日本精工は、最新鋭設備導入により過酷使用条件に合わせたクラウニング加工が可能な新興国向け「建設機械 走行減速機用中国現調円すいころ軸受」を開発した。現地調達、現地生産を行うことによって、新興国において求められる、コスト競争力と高品質の両立、リードタイム短縮などの安定供給も可能にした。同品を新興国における建設機械市場への拡販を進め、2016年に年間売上20億円を目指す。
油圧ショベルなど建設機械の走行減速機用に使用される円すいころ軸受は、重荷重、衝撃荷重といった過酷な使用環境下で使用されている。中でも新興国において、多くの建設機械は長時間連続稼働、長距離の悪路走行など、より厳しい条件下で使用されている。さらに新興国では、軸受周辺の部品の精度が粗いことや作業者が軸受の取り扱いに慣れていないなど、新興国特有の課題も発生している。

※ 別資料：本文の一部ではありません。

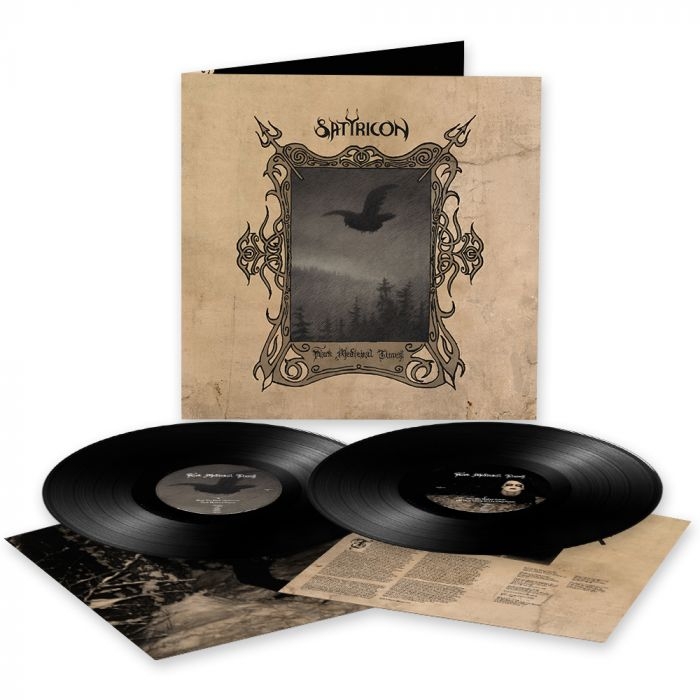 Satyricon - Dark Medieval Times - Gatefold DLP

このような中、同社では、現地の材料を採用し、新興国特有の使用環境に最適な製品仕様を設計し、さらに中国の工場に高精度加工が可能な最新鋭の生産設備を導入した。これにより、高品質な製品をにおいてコスト競争力を高めて、短納期で納入可能な現地生産を実現した。
同品は、新興国での過酷な使用環境下においても軸受寿命低下を防止するために、軸受の外輪、内輪軌道面およびころ転動面に最適なクラウニングを施し、エッジロードの発生を抑制した。また、取り付け精度が悪化した際の軸受の傾きも許容する丈夫な設計としている。さらに、最新鋭設備導入により、あらゆる条件にも対応できるクラウニング加工を実現した。
また、新興国の悪路走行時に走行減速機用軸受内輪の大つば部に大きな応力が発生するため、大つば部が割損し、走行不能となる恐れがある。このため、ころ端面形状の最適化を行い、大つば部に発生する応力を約10%低減した。